Study material >>
......
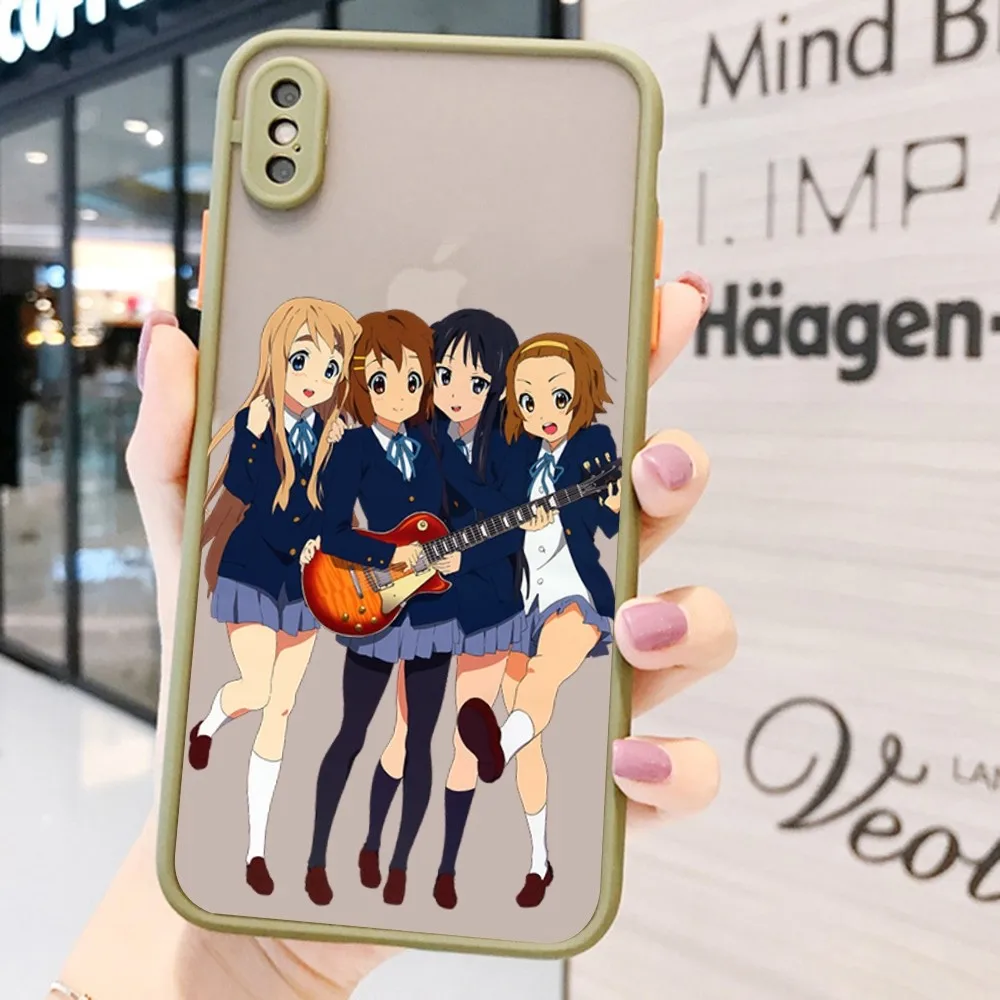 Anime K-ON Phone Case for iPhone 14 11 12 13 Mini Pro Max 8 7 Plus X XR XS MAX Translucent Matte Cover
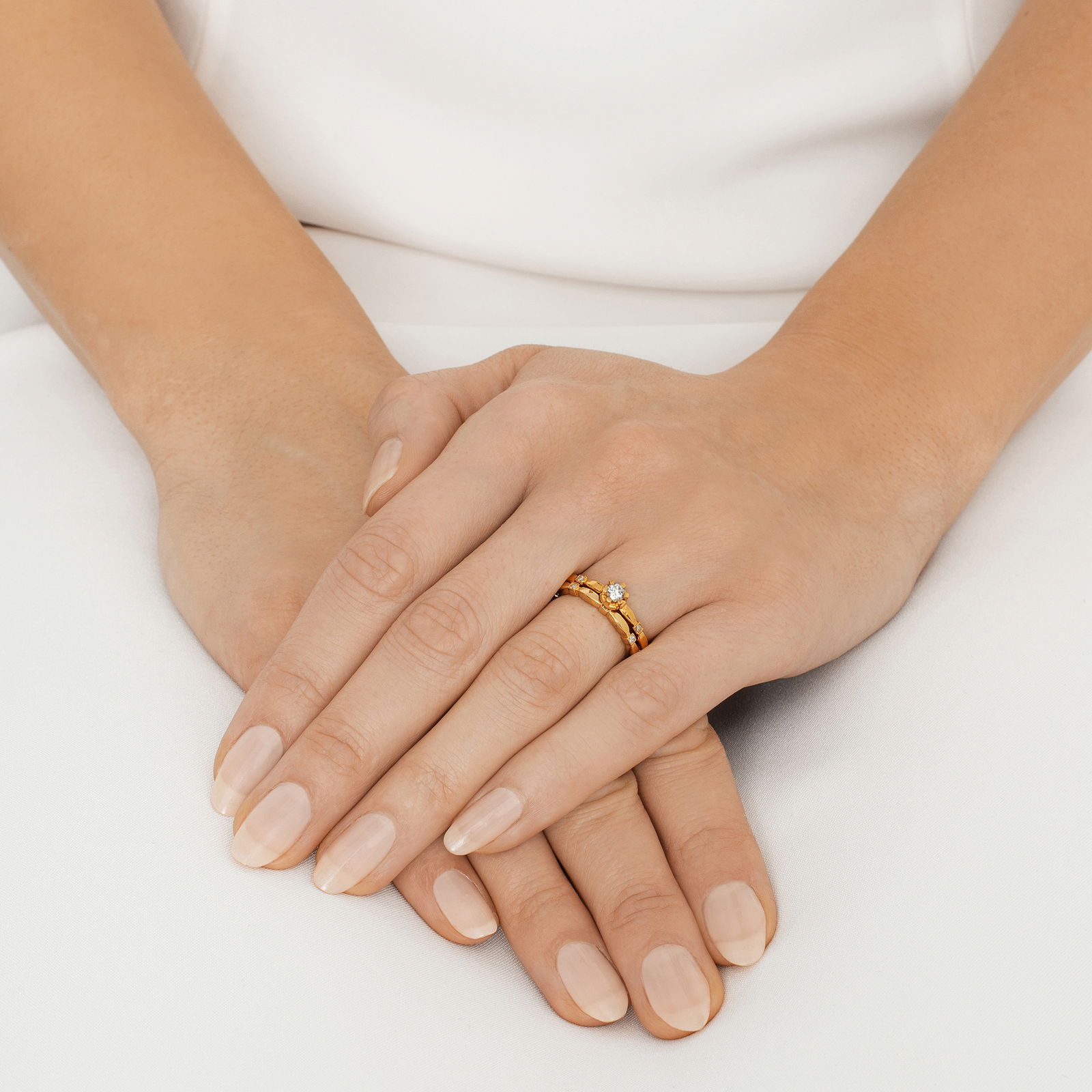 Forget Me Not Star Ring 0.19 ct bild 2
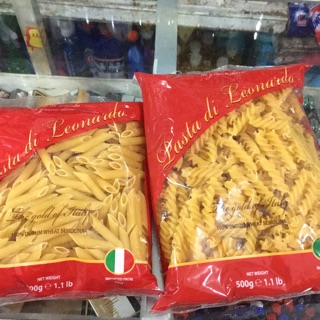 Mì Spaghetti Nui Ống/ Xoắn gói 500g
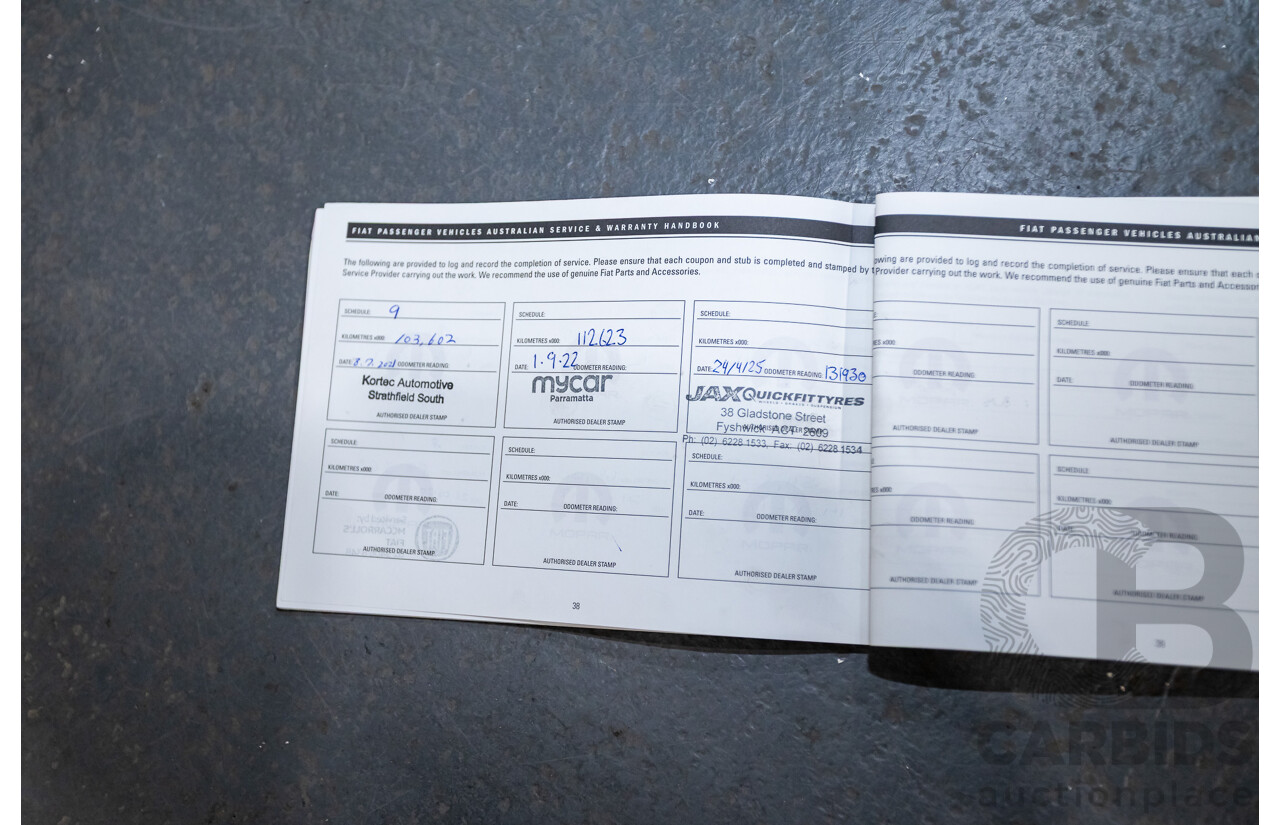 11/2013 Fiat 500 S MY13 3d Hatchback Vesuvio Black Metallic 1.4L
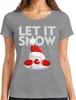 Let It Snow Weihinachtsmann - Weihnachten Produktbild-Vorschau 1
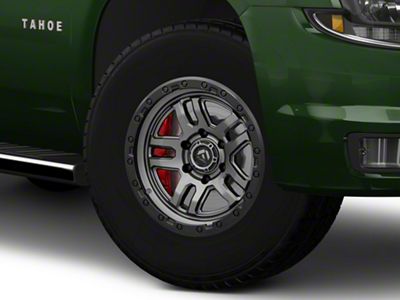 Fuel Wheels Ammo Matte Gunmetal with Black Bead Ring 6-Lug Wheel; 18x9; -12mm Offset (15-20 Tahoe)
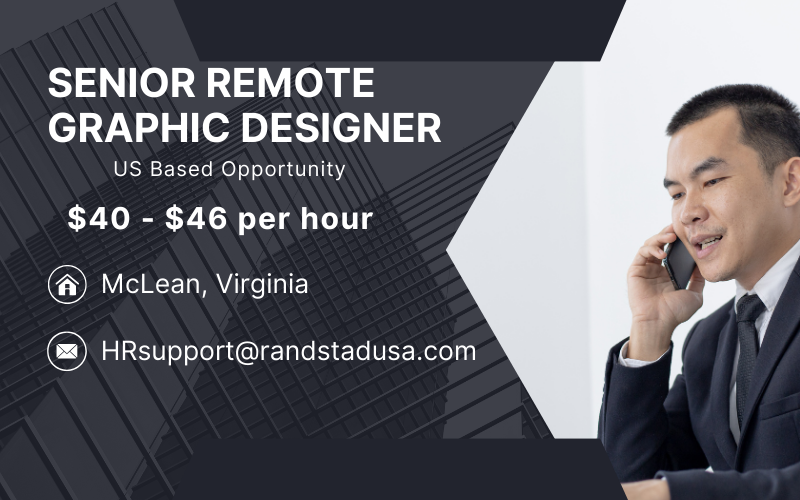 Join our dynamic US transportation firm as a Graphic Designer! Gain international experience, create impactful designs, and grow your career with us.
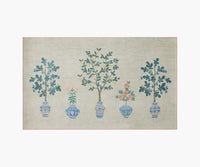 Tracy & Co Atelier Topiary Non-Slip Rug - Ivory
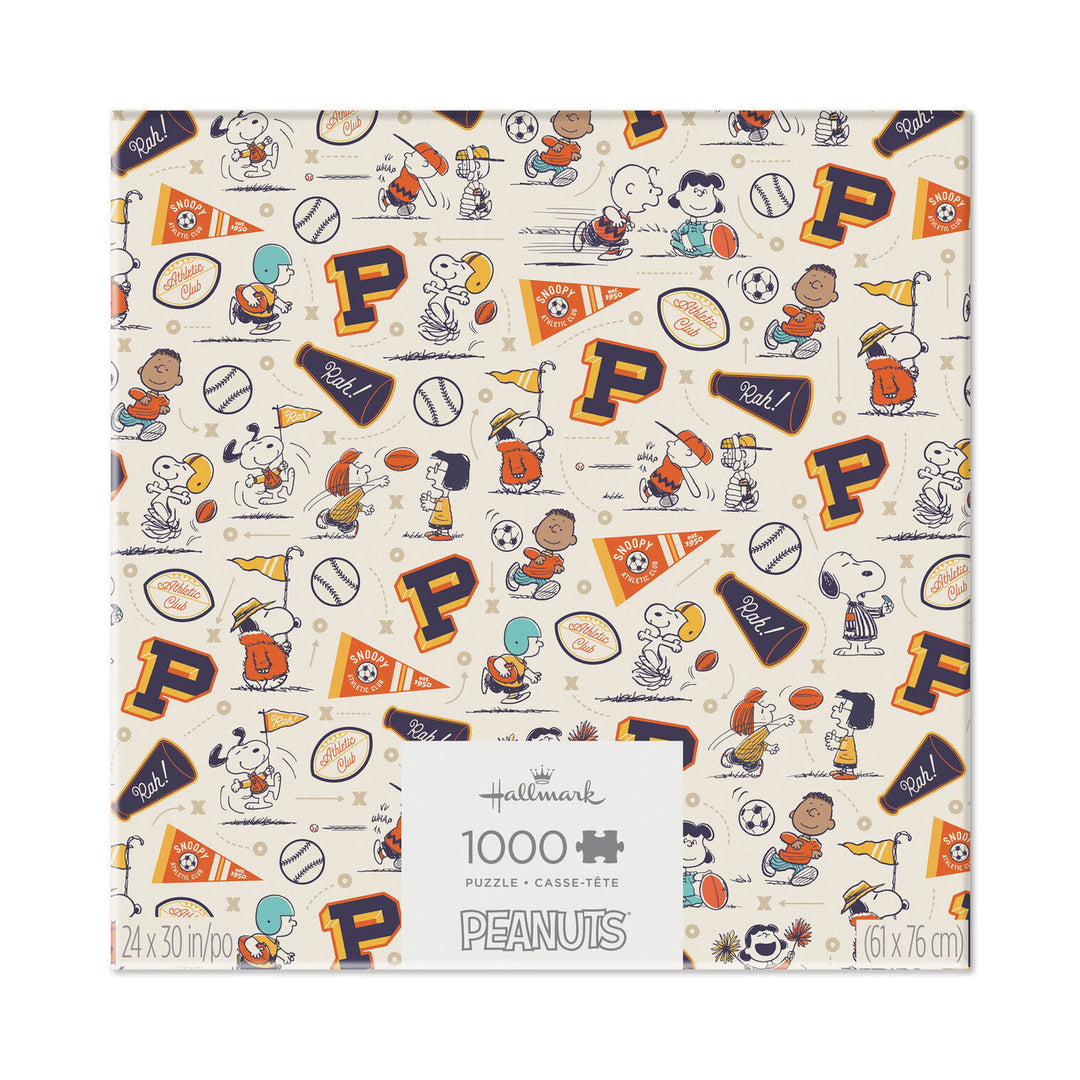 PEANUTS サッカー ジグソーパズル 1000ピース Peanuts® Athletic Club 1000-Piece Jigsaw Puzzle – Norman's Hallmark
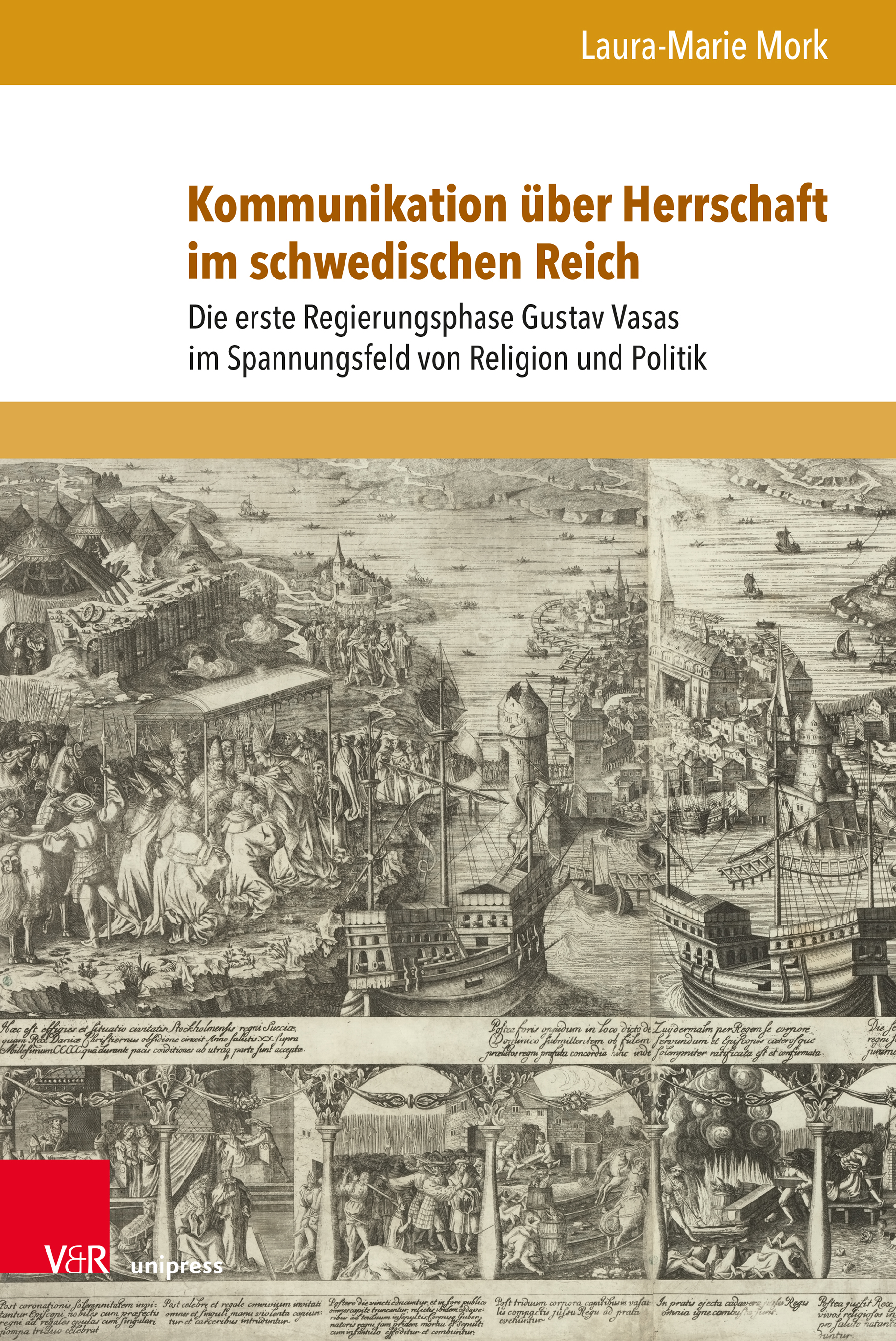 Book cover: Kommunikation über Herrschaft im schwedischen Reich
......
Exercise directions >>
Please retype every record exactly, leaving the pictures out.

Response to the exercise >>
 Anime K-ON Phone Case for iPhone 14 11 12 13 Mini Pro Max 8 7 Plus X XR XS MAX Translucent Matte Cover
 Forget Me Not Star Ring 0.19 ct bild 2
 Mì Spaghetti Nui Ống/ Xoắn gói 500g
 11/2013 Fiat 500 S MY13 3d Hatchback Vesuvio Black Metallic 1.4L
 Let It Snow Weihinachtsmann - Weihnachten Produktbild-Vorschau 1
 Fuel Wheels Ammo Matte Gunmetal with Black Bead Ring 6-Lug Wheel; 18x9; -12mm Offset (15-20 Tahoe)
 Join our dynamic US transportation firm as a Graphic Designer! Gain international experience, create impactful designs, and grow your career with us.
 Tracy & Co Atelier Topiary Non-Slip Rug - Ivory
 PEANUTS サッカー ジグソーパズル 1000ピース Peanuts® Athletic Club 1000-Piece Jigsaw Puzzle – Norman's Hallmark
 Book cover: Kommunikation über Herrschaft im schwedischen Reich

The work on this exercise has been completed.